I spent almost half of yesterday trying to figure out how to capture a substring from a list of text. The text is a result of querying products from the database. They contain product name, color code, and many of them also have the color name (in parentheses).

ALEXIS 002
BIG EASY 011
VENETO 012
AMAZING 200 (AURORA)
BABY WOOL 201 (ALPINE MEADOW)
FISHERMAN'S WOOL 098 (NATURAL)
HOMETOWN USA 108 (WASHINGTON DENIM)
JIFFY THICK & QUICK 207 (GREEN MOUNTAINS)
LION COTTON 098 (NATURAL)
LION SUEDE 178
MARTHA EXTRA SOFT WOOL (GERBERA DAISY)
MARTHA LOFTY WOOL BLEND 509 (BALLPOINT BLUE)
VANNA'S CHOICE BABY 100 (ANGEL WHITE)
WOOL EASE THICK & QUICK 099 (FISHERMAN)

So what I want is everything before the number. First thing I think of is regular expression. So I started crafting the regex pattern.

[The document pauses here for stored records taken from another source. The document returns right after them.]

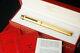Cartier Ballpoint Pen Trinity Vendome Vintage Rare Gold Plated Withbox #bp01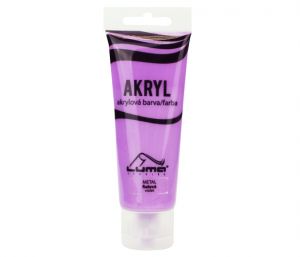 Barvy akrylové 75ml, METAL fialová LUMA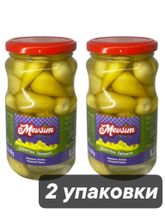 Перцы острые в рассоле Mevsim Biberiye Tursusu 360 г x 2 шт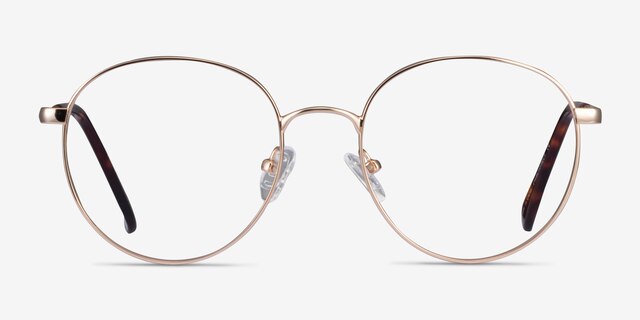 Haiku Golden MetalEyeglass Frames from EyeBuyDirect, Front View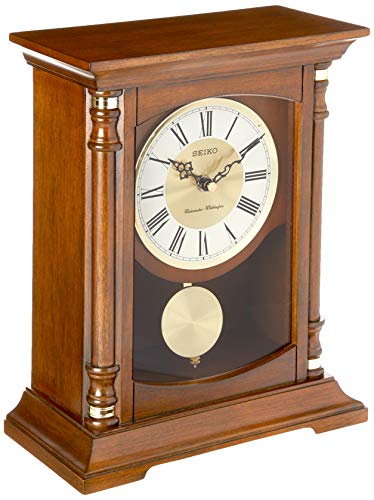 Seiko Baron Mantel Chime Clock,Brown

First I came up with this one.

^(\D+)

It should just work. I thought. Capture 1 or more non-digit character. Well it did for most of the lines, except for line 11. It returns the whole string with parentheses.

ALEXIS
BIG EASY
VENETO
AMAZING
BABY WOOL
FISHERMAN'S WOOL
HOMETOWN USA
JIFFY THICK & QUICK
LION COTTON
LION SUEDE
MARTHA EXTRA SOFT WOOL (GERBERA DAISY)
MARTHA LOFTY WOOL BLEND
VANNA'S CHOICE BABY
WOOL EASE THICK & QUICK

Huh? Why? Then I thought, maybe because it does not have the digit to separate the string. So I modify the pattern to look for optional digits.

/^(\D+)(\d{3})?(.*)/

Still not working. (same result as above)

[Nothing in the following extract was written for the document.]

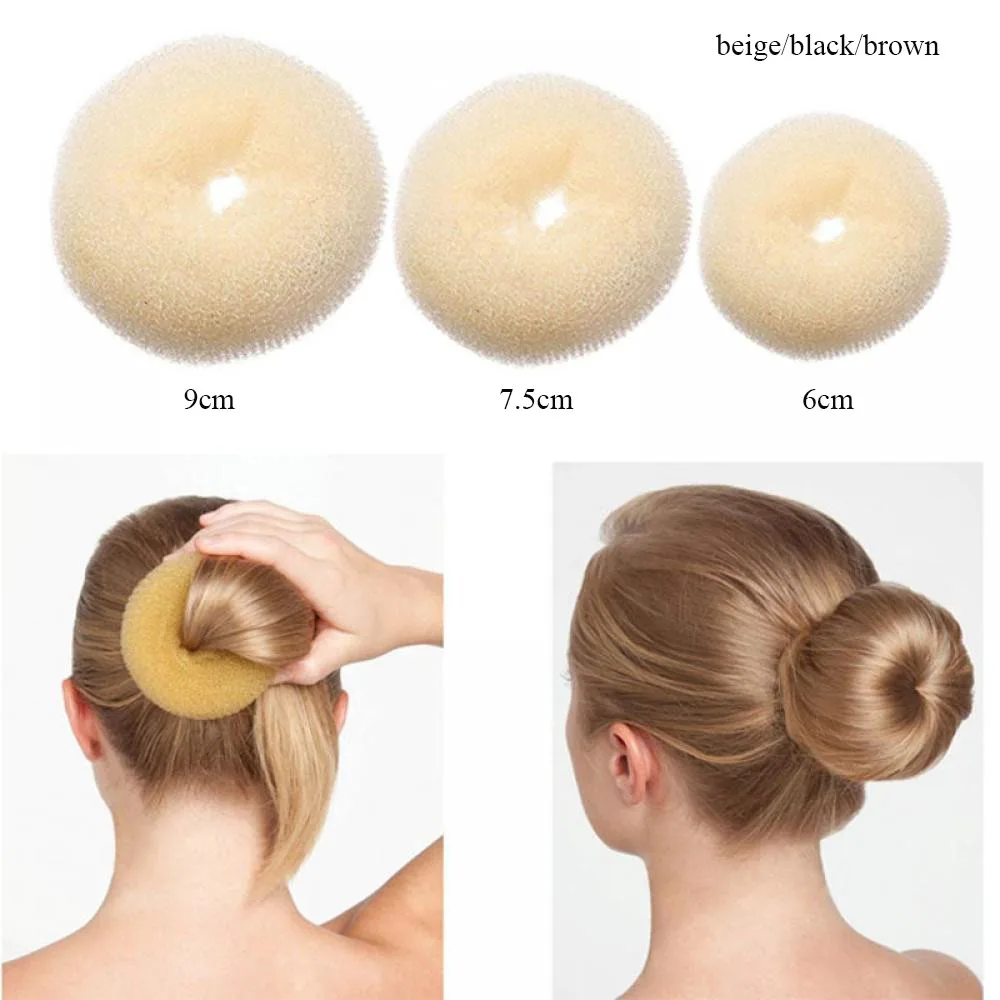 Hair Bun Maker Donut Magic Foam Sponge For Women Girls Ring Hairbands Braiding Accessories Femme Cheveux Styling Tools | Красота и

After many tries, I RTFM and found out that \D will match any non-digit (meaning, include symbols) but \w will match any word characters (meaning a-z, 0-9 and _ but not symbols). So I changed the pattern.

/^(\w+[^\d|\(]*)/

That’s \w+ (one or more word character) but [^\d|\(]* (not digit or parentheses). And BOOM!

ALEXIS
BIG EASY
VENETO
AMAZING
BABY WOOL
FISHERMAN'S WOOL
HOMETOWN USA
JIFFY THICK & QUICK
LION COTTON
LION SUEDE
MARTHA EXTRA SOFT WOOL
MARTHA LOFTY WOOL BLEND
VANNA'S CHOICE BABY
WOOL EASE THICK & QUICK

It worked.

Note:

  1. The first ^ means beginning of line but the second ^ means not.
  2. I use Rubular to help visually forming the pattern.